In the instant case, it is undisputed that the State proved that six items, with a total value of $162, were stolen from Sears and were found in the defendant’s possession at the time of her apprehension. Upon this basis, the defendant was found guilty beyond a reasonable doubt of a single felony theft of items totalling more than $150 in value. The fact that the indictment indicated that five items were taken is an immaterial error and cannot serve as the basis for a reversal of the defendant’s conviction.

In so holding we distinguish the cases of People v. Bueno (1966), 35 Ill. 2d 545, 221 N.E.2d 270, and People v. Kijowski (1978), 61 Ill. App. 3d 809, 377 N.E.2d 1324, relied on by the defendant, and adhere to the principles announced in People v. Pujoue (1975), 61 Ill. 2d 335,335 N.E.2d 437. In Bueno the Illinois Supreme Court reversed the defendant’s conviction where the defendant was charged with delivery of narcotics to a police officer, but the proof at trial established at most that the defendant sold narcotics to a co-defendant. In reversing the conviction, the court noted that the issue involved was not a variance between the indictment and the proof but of whether the State proved the charge set forth in the indictment. As indicated previously in this opinion, we believe the State in the present case proved the essential elements of the crime charged beyond a reasonable doubt. In Kijowski the defendant claimed a fatal variance between the charge and the evidence, as well as between the charge and the jury instructions, with regard to whether the defendant was a principal or was merely guilty under an accountability theory, a claim which was rejected by the court. In Pujoue the Illinois Supreme Court held that a charging instrument challenged as being defective will *116be considered sufficient if it apprised the accused of the precise offense charged with sufficient specificity to prepare his defense and allow pleading a resulting conviction as a bar to future prosecution arising out of the same conduct. 61 Ill. 2d 335, 339, 335 N.E.2d 437, 440.
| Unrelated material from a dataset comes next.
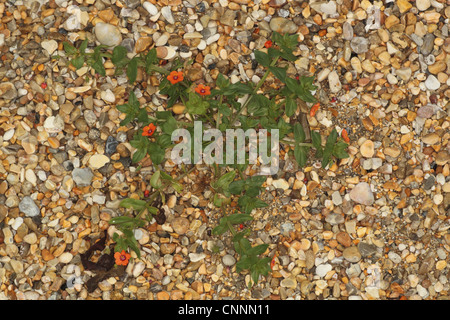 Scarlet Pimpernel (Anagallis arvense) fioritura, crescente sulla spiaggia di ciottoli, Ringstead, Dorset, Inghilterra, luglio Foto Stock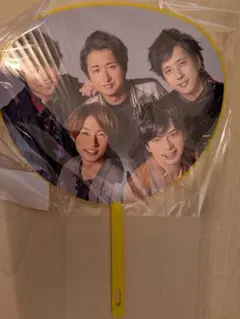 嵐 Are You Happy? コンサート ミニうちわ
In the present case, the fact that the indictment accused the defendant of taking five garments with a total value in excess of $150 did not hamper the defendant in the preparation of her defense. In addition, her resulting conviction is obviously a bar to any future prosecutions arising out of the same conduct since it gave the date and specific location of the alleged offense and all other required relevant information.

For the foregoing reasons, the judgment of the Circuit Court of Peoria County is affirmed.

Affirmed.

ALLOY, P. J., and SCOTT, J., concur.